British comedian, actor, and singer

Charlie Baker is a British comedian, actor, singer and presenter.

==Early and personal life==
Baker is from Newton Abbot, Devon in the south west of England.

==Career==
===Comedy===
As a comedy performer Baker has frequently showcased his singing skills. In his 2011 play Wedding Band he played the singer in a wedding band. In Baker's Dozen he sang best-selling number ones from every year between 2000 and 2012. The show was initially performed at the 2013 Edinburgh Festival before being toured around the UK. At the 2016 Edinburgh Festival Baker's show Just the One celebrated his then only child and musical one-hit wonders. His 2017 show The Hit-Polisher honoured hits from the '80s, '90s and '00s and their associated memories.
In 2018 at Edinburgh, Baker performed in a children's play called The Greatest Goat of All Time.
Since 2017, Baker has often sung comedy songs on Channel 4's The Last Leg.

===Radio===
An avid sports fan, Baker presents on Talksport regularly with Paul Hawksbee in the 1 pm to 4 pm slot, as well as hosting the Gameday Warm-Up every Saturday from 9 am to 11 am alongside Max Rushden.
Baker supports Torquay United FC and presents the podcast The National Obsession, about his experiences supporting Torquay. He has guested on football podcast Quickly Kevin, Will He Score? Baker has also appeared on BBC Radio shows Fighting Talk, and Alex Horne Presents The Horne Section.

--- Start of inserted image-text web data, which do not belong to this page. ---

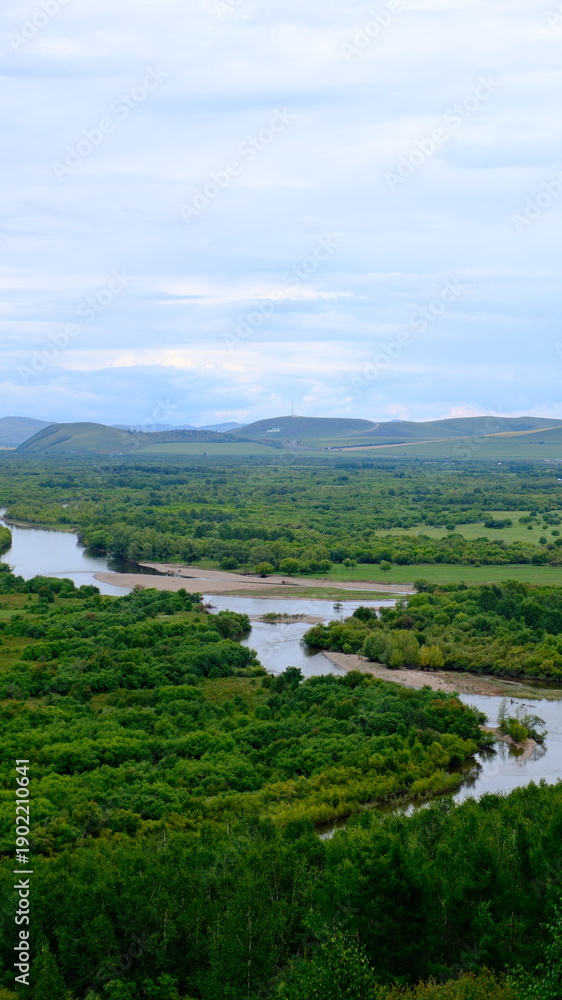 Obraz premium A sweeping panoramic view of Erguna Wetland in Hulunbuir, Inner Mongolia, showcasing vast rivers, forests, marshes, and seasonal color.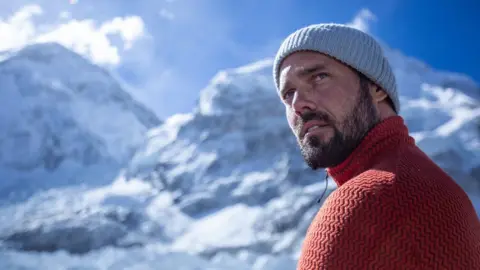 Disney+/PA Handout photo of Spencer Matthews from May 2022 at Everest Base Camp shooting the Disney+ film "Finding Michael".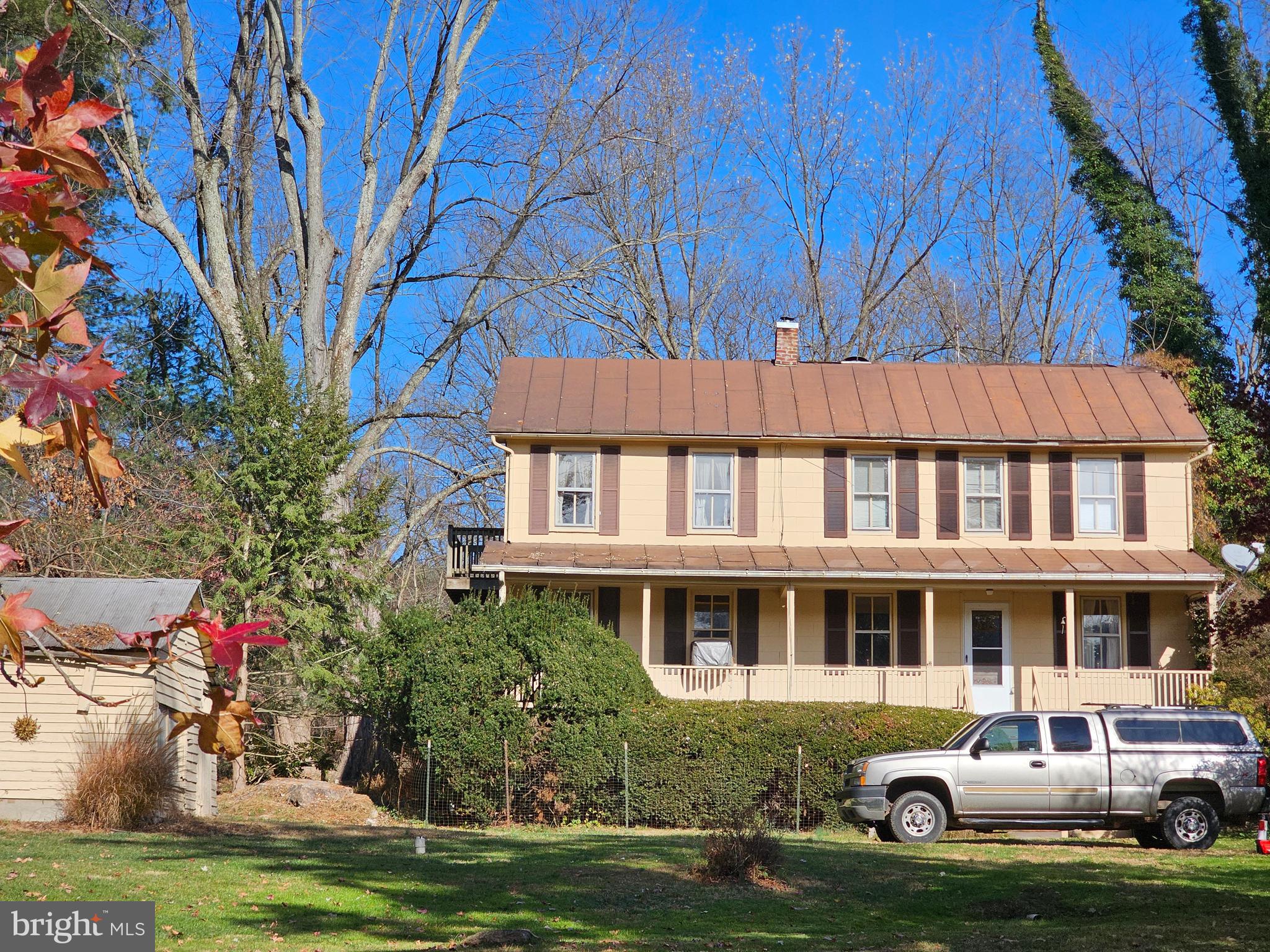 a front view of a house with a garden and trees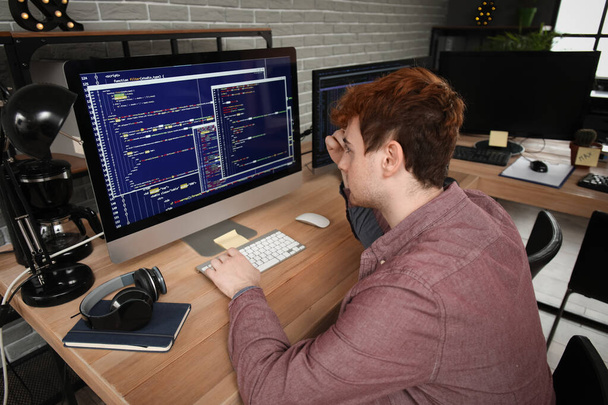 Mies ohjelmoija työskentelee tietokoneen pöydässä toimistossa - Valokuva, kuva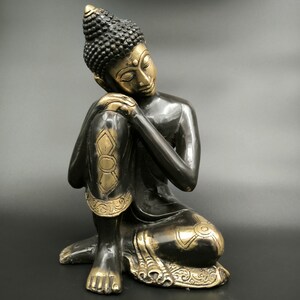 May include: A black and gold Buddha statue in a seated position with the head resting on the knee. The statue has intricate details and a serene expression.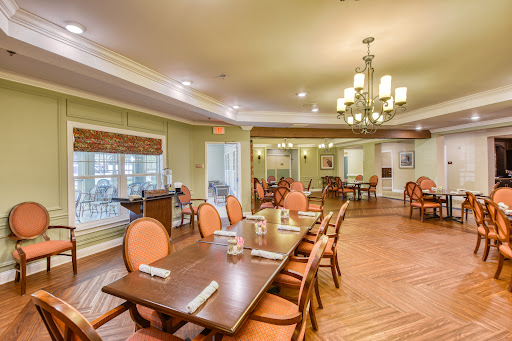 A cozy dining area featuring a wooden table surrounded by upholstered chairs, illuminated by a stylish chandelier.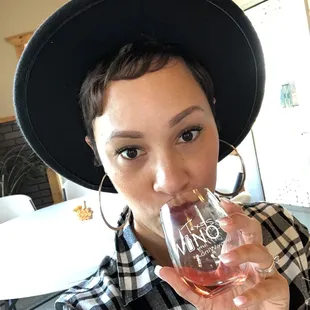 a woman drinking a glass of wine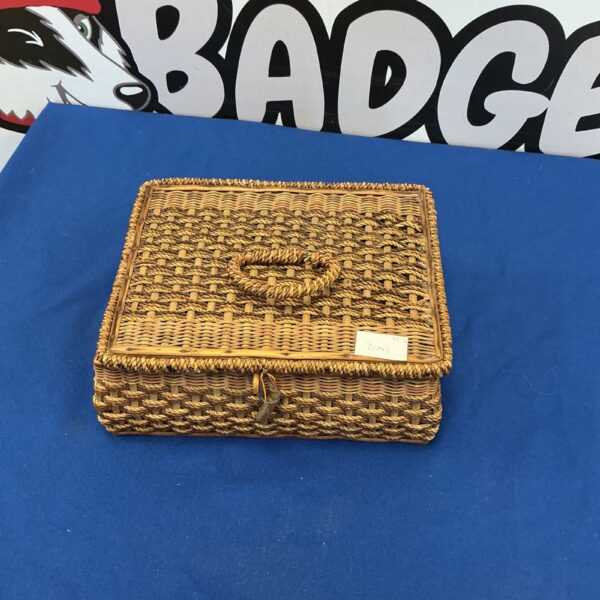 Front view of a vintage wicker sewing basket with clasp.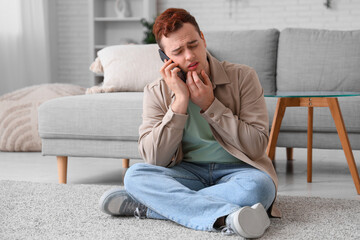 Young man talking with mobile phone and suffering from toothache in room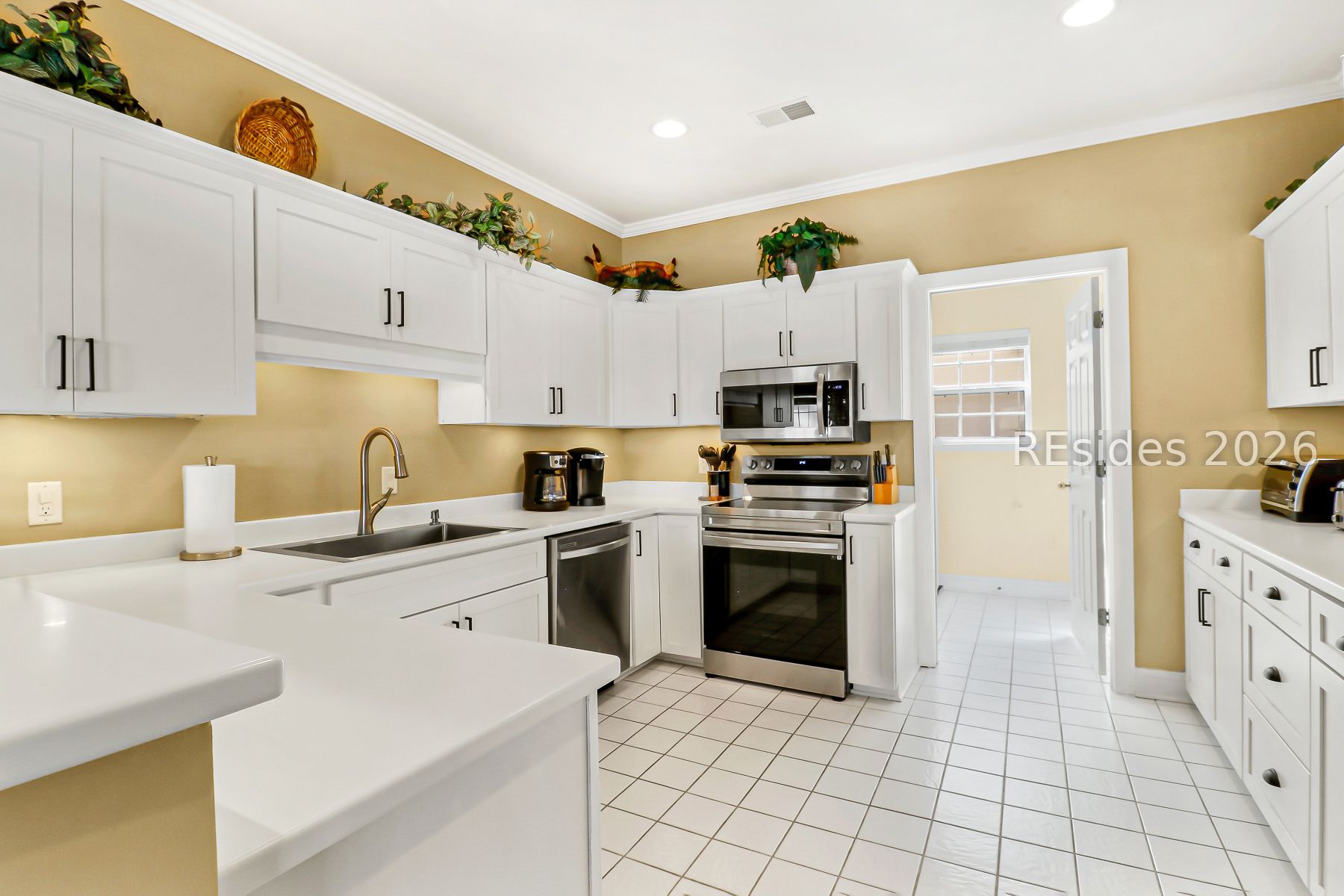 1 Gloucester Road, Unit E2 Hilton Head Island, SC 29928 - Photo 13 of 42 SS Appliances throughout the open kitchen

He has appeared as a guest on the Two Shot Podcast.
Since 2015 Baker has also provided voiceover for Radio X, voicing pre-recorded jingles, show promotions and the news intro.

===Actor===
As an actor he has had minor roles in sitcoms including Miranda and The IT Crowd. He has been a team captain on the Channel 4 panel show A Short History Of Everything Else. He also became a regular guest on Richard Bacon's Beer & Pizza Club, and won Let's Dance For Comic Relief in 2011. Baker has also appeared in EastEnders, Doctors, Doctor Who and The Boy in the Striped Pyjamas.